Councillors have been working for some time on the district’s 2024-2034 Long-Term Plan that sets the priorities, budget and outcomes for the community in the next 10 years. It will be coming out to you for comment in March next year.
Our discussions reinforced that we need to make sure we have reliable assets and services for all our community. That also means working out a fair way to find funds for them. We currently use rates, government subsidies and user-pays, and these sources are all very stretched.
Global, national, and local situations out of our control are affecting our nation and our district and it is sobering.
The things we use as a council to build and maintain the district are harder to get, taking longer to get here and are costing more. At home we are facing inflation, weather events and skill shortages.
Our job as a council is to solder on, by making a good plan for the coming years, then working to it, and sticking together as a community.
One challenge is finding the skilled people our partners and contractors need to serve our fast-growing community. In the next 10 years we are predicting a high growth population, and there will be a huge number of people retiring.
This year, month after month of severe weather has had an immense effect on our infrastructure. We need to get this repaired and find ways to reduce the scale of any future damage. This is causing challenging discussions for communities, councils, central government agencies and industry alike.

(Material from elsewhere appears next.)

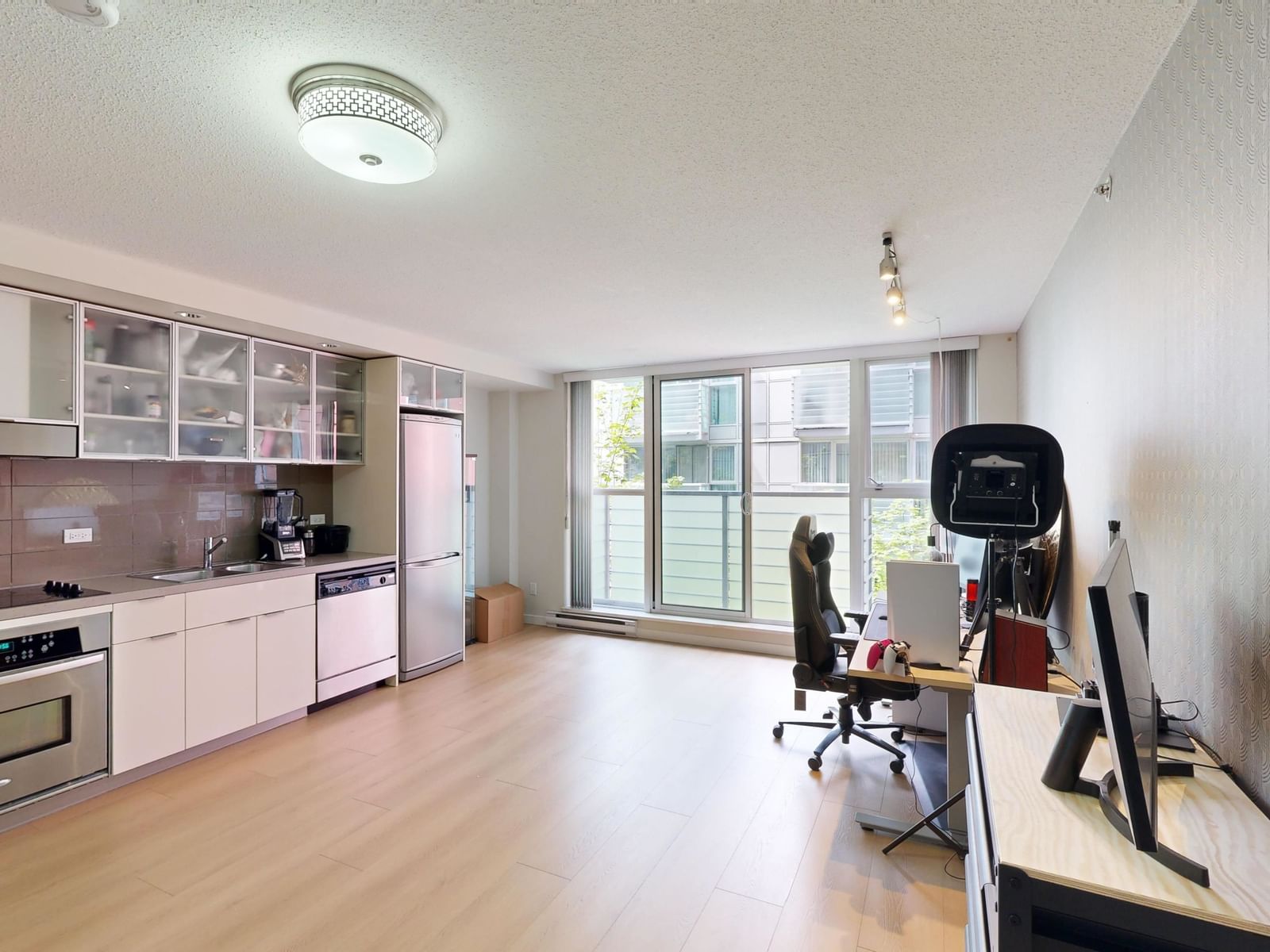 Listing Image 8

Issues unique to New Zealand and our councils include central government reforms. If Three Waters goes ahead it will cut millions of dollars of income from council’s books, millions of dollars of value from council’s assets. This will then affect the interest rates that our council pays on borrowing. If we can’t borrow as much at lower interest rates, it pushes up the prices for today’s and tomorrow’s ratepayers.
In summary, these are times of great uncertainty for our council.
We all acknowledge that everyone has a right to clean drinking water, sanitary waste disposal, safe roads, enough land to build houses on, a healthy environment and protection from severe weather events.
This means we will need to develop a plan that the community agrees with and is willing to commit to, especially when times are tough. The Whangārei Council will be releasing more information between now and the start of the consultation, for the Long Term Plan in March.
To create a strong reliable future for Whangārei we need to work together, looking for solutions and collaborating on this plan is a good way to start.